AG Würzburg, 5 F 876/18

Hinweis: Hierbei handelt es sich allerdings um eine Einzelfallentscheidung. Im Vertrag wurden gar keine Regelungen hierzu getroffen, das Gericht hat den Anspruch aus § 242 BGB abgeleitet und insoweit eine Parallele zum begrenzten steuerlichen Realsplitting beim Ehegattenunterhalt gezogen. Ob eine solche Entscheidung immer ergeht, ist aber fraglich. Im entschiedenen Fall kam hinzu, dass steuerrechtliche Regelungen für einen anderen Vertragsteil getroffen worden waren.

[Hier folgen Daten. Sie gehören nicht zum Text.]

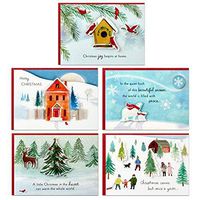 Hallmark Paper Wonder Pop Up Christmas Cards Assortment (5 Cards with Envelopes)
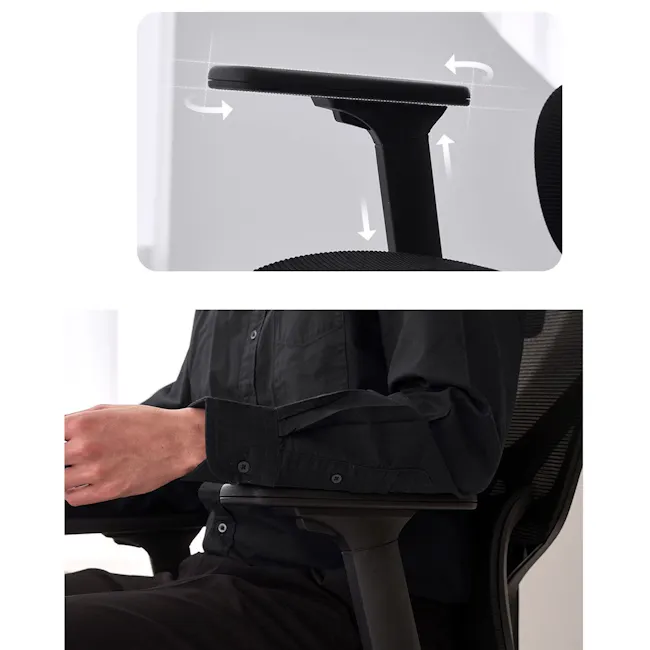 Aero High Back Office Chair - Grey - 6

Auch wurde hier nicht entschieden, ob irgendwelche Auswirkungen dadurch gegeben sind, dass im Falle der Durchführung des Versorgungsausgleichs eine gegebenenfalls später erhaltene Rente zu versteuern wäre. Man könnte ja auch darüber nachdenken, den Abfindungsbetrag – der netto bezahlt wird – entsprechend zu kürzen.

Sollte eine solche Regelung also beabsichtigt sein, sollte auf jeden Fall auch eine Regelung über die Frage der Zustimmungspflicht zum Abzug als Sonderausgabe und einen gegebenenfalls erfolgenden Nachteilsausgleich erfolgen. Es sollte auch berücksichtigt werden, dass eine übertragene Rente brutto gezahlt wird, der Abfindungsbetrag allerdings netto gezahlt werden soll.